There are a lot of dairy free milk alternatives out there. There is Soy Milk, Almond Milk, Coconut Milk, Rice Milk, Hemp Milk, Oat Milk, Hazelnut Milk. Of all of these I have tried a lot but the one that stands out for me, that I love, and would have a hard time living without is the Almond Breeze Almond Coconut blend. It s a blend of Almond and Coconut milks and it is awesome. I used to soley rely on rice milk, but it was super thin, and did not work for puddings and not as well for baking. Straight almond milk was too almondy for me, and coconut milk by itself was to rich. I came across the Almond Coconut blend about a year ago (my aunt had it, and let me try it), since then I have been hooked.

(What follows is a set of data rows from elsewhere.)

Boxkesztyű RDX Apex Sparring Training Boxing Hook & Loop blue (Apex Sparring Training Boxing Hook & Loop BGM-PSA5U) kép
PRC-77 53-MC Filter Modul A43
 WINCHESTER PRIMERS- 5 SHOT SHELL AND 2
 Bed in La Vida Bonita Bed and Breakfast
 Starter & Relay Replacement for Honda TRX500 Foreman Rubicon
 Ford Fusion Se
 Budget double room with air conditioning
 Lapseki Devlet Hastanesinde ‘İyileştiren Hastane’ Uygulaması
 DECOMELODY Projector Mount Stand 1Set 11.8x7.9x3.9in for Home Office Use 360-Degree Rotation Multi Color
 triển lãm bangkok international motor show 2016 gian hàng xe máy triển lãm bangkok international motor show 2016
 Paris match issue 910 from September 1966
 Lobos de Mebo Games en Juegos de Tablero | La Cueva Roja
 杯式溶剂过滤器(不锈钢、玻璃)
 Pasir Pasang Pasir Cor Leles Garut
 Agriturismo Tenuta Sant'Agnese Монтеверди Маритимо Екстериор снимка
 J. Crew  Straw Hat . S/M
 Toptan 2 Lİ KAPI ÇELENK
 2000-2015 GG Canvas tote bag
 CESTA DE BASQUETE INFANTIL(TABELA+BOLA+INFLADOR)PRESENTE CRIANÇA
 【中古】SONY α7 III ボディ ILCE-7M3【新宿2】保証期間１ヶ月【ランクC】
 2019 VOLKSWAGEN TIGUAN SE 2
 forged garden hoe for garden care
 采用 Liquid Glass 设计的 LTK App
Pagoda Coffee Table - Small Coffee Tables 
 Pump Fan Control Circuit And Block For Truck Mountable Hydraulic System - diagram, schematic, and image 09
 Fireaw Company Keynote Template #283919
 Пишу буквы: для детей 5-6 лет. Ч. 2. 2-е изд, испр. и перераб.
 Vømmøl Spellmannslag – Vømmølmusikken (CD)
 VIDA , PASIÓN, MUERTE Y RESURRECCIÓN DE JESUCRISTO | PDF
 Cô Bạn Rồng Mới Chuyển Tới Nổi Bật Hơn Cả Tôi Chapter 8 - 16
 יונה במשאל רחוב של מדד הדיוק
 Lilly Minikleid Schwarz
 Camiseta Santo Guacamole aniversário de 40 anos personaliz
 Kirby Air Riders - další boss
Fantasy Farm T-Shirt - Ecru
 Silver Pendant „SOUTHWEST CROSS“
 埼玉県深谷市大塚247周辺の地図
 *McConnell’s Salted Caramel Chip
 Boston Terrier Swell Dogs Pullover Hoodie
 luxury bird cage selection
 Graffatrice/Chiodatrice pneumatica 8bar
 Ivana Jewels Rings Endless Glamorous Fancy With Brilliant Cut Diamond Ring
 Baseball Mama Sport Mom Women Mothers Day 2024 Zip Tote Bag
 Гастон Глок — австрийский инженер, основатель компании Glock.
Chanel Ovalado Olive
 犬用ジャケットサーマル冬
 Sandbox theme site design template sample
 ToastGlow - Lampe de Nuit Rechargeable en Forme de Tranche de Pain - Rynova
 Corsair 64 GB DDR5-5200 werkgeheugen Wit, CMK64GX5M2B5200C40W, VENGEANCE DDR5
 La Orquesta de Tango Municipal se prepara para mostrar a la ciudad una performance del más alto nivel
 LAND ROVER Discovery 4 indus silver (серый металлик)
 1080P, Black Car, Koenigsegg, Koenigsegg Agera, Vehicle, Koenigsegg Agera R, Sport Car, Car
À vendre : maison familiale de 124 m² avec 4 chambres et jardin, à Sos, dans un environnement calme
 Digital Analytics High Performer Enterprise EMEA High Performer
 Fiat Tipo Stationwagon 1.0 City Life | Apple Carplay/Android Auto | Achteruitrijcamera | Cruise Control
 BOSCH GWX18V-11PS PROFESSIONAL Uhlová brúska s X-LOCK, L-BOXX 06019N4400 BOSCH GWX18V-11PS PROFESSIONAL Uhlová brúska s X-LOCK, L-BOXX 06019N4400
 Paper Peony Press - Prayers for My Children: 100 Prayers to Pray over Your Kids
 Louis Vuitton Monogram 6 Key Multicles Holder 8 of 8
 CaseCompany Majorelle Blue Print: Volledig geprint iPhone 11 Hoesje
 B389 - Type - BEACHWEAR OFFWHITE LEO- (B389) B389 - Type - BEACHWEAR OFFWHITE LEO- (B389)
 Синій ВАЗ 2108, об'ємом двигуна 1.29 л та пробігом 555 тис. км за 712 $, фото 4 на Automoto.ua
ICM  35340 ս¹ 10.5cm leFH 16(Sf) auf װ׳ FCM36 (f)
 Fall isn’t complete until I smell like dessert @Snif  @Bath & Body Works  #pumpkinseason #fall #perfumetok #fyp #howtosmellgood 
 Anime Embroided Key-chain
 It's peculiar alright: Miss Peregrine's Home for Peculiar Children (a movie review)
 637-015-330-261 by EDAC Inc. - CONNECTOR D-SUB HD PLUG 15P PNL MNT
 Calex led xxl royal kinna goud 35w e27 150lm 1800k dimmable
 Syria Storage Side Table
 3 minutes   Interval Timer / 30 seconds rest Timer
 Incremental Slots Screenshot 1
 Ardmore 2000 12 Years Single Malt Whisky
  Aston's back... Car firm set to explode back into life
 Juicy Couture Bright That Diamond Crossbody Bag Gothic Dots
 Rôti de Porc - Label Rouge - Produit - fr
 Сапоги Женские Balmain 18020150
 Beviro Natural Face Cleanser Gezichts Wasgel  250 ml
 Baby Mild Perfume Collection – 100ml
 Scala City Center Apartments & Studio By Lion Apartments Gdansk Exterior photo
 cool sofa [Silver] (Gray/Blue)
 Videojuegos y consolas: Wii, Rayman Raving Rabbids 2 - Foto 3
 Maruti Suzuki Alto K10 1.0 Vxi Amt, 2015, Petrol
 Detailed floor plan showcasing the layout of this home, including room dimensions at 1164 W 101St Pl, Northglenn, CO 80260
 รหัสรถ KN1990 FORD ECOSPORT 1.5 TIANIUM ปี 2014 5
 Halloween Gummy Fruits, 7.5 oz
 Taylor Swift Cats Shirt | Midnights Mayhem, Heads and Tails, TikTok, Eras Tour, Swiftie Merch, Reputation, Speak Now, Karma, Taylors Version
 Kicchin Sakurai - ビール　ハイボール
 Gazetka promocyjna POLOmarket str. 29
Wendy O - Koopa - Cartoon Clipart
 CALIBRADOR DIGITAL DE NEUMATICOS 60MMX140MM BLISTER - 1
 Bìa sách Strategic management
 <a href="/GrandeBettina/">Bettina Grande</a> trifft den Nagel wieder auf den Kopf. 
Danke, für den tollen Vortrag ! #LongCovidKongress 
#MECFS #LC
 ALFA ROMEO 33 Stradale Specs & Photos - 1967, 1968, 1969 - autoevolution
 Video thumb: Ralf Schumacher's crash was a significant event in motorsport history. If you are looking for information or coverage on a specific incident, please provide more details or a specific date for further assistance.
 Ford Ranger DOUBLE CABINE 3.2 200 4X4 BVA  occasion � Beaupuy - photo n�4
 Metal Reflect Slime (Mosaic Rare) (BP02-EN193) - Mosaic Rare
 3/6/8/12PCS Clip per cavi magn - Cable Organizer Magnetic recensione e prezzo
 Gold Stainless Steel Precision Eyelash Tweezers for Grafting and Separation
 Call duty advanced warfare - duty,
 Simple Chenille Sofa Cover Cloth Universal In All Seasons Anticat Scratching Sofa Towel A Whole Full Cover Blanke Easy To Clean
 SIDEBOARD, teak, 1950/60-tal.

It has a similar consistency to regular milk, so it can be used to replace real milk in recipes. I also like the fact that the coconut milk tones down the almond flavor, while the almond milk balances out the coconut milk’s richness.

I have also found that Almond Dream/Coconut Dream ice cream is a great tasting replacement for normal ice cream.

Ghirardelli semi sweet chocolate chips are dairy free and they are less expensive than the branded dairy free chocolate chips. They are also a name brand so you can find them pretty much in any grocery store.

The knorr vegetable bouillon cubes are dairy free, as are the Safeway brand vegetable and chicken flavor enhancers. Swanson chicken broth is safe. Pace Picante mild and medium salsa’s are safe. as are Mission tortilla chips. If you are only dairy free mission brand flour tortilla’s are dairy free.

I was reminded by a reader, for those of you who are not gluten free, but are dairy free, Oreo Cookies are dairy free, surprisingly enough. I have not had Oreos since I went Gluten Free, I was super happy when I was only doing dairy free and found out that Oreos were safe.

There are other brands and such that I know of that I have here locally, that I don’t know the equivalent of in other chain grocery store.

Your life is not over if you are finding out that you have to go dairy free. There are so many great options out there. It can be done. The learning curve is the biggest issue. The first year is the hardest.